• [How to complete this task] Write out the listing below character for character, though without its pictures.

• [Dataset content]
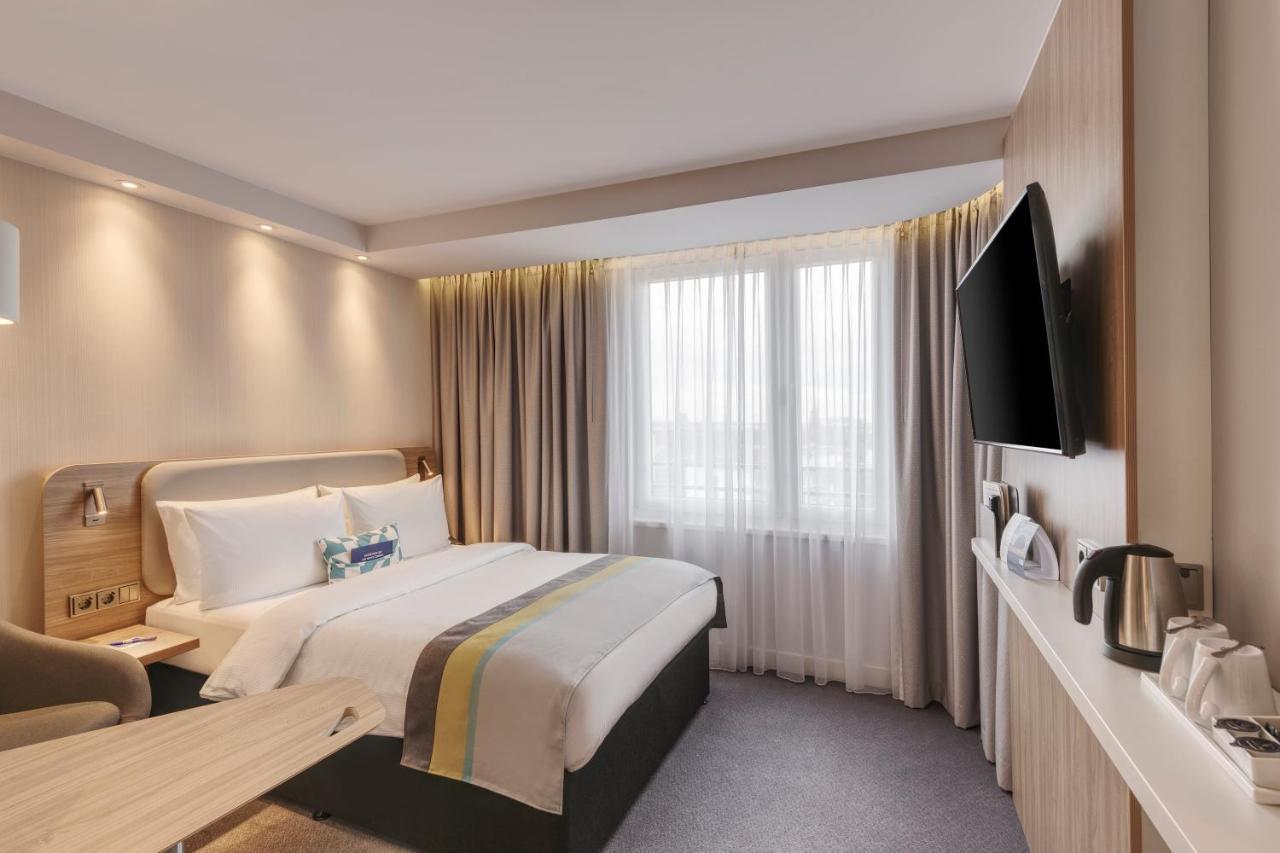 Holiday Inn Express - Frankfurt City - Westend, An Ihg Hotel Frankfurt am Main Exterior photo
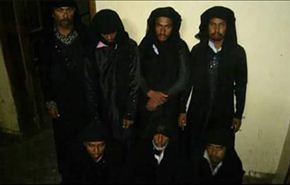 اعتقال عصابة ارهابية متنكرة بـ”زي نسائي” في اليمن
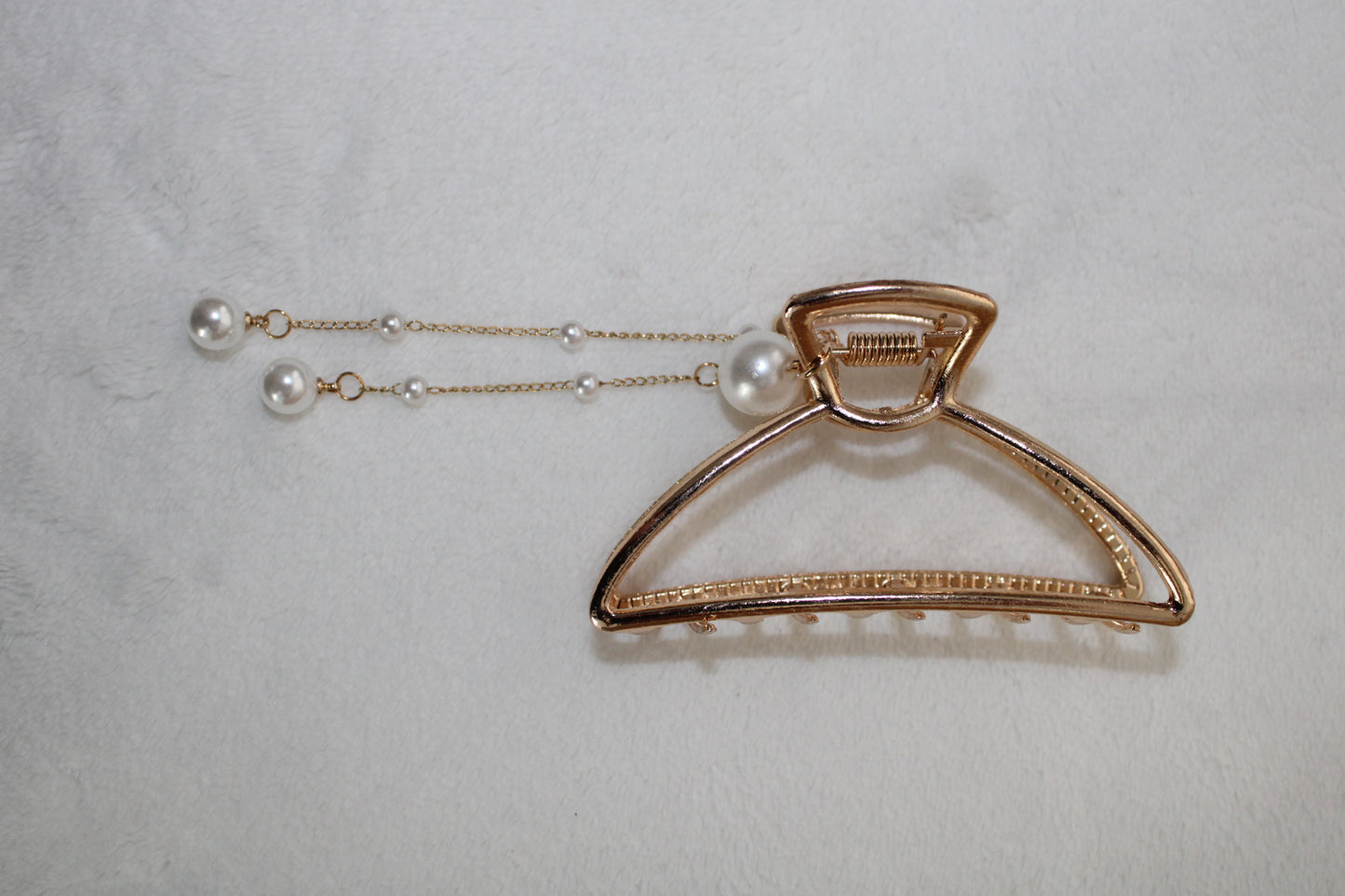 Pearl Claw Clip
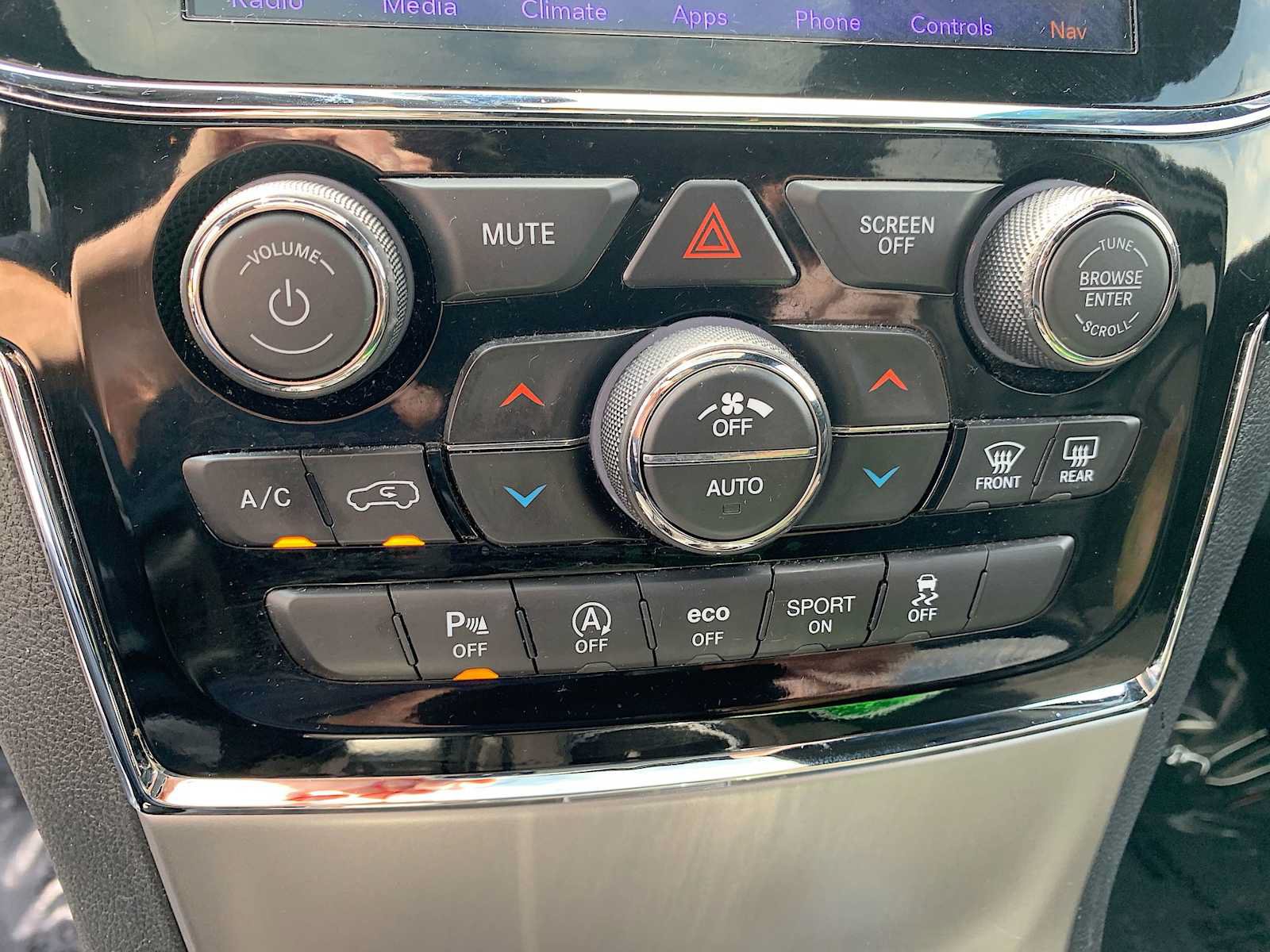 Used 2019 Jeep Grand Cherokee Altitude AWD/4WD image 18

• [Finished exercise]
 Holiday Inn Express - Frankfurt City - Westend, An Ihg Hotel Frankfurt am Main Exterior photo
 اعتقال عصابة ارهابية متنكرة بـ”زي نسائي” في اليمن
 Pearl Claw Clip
 Used 2019 Jeep Grand Cherokee Altitude AWD/4WD image 18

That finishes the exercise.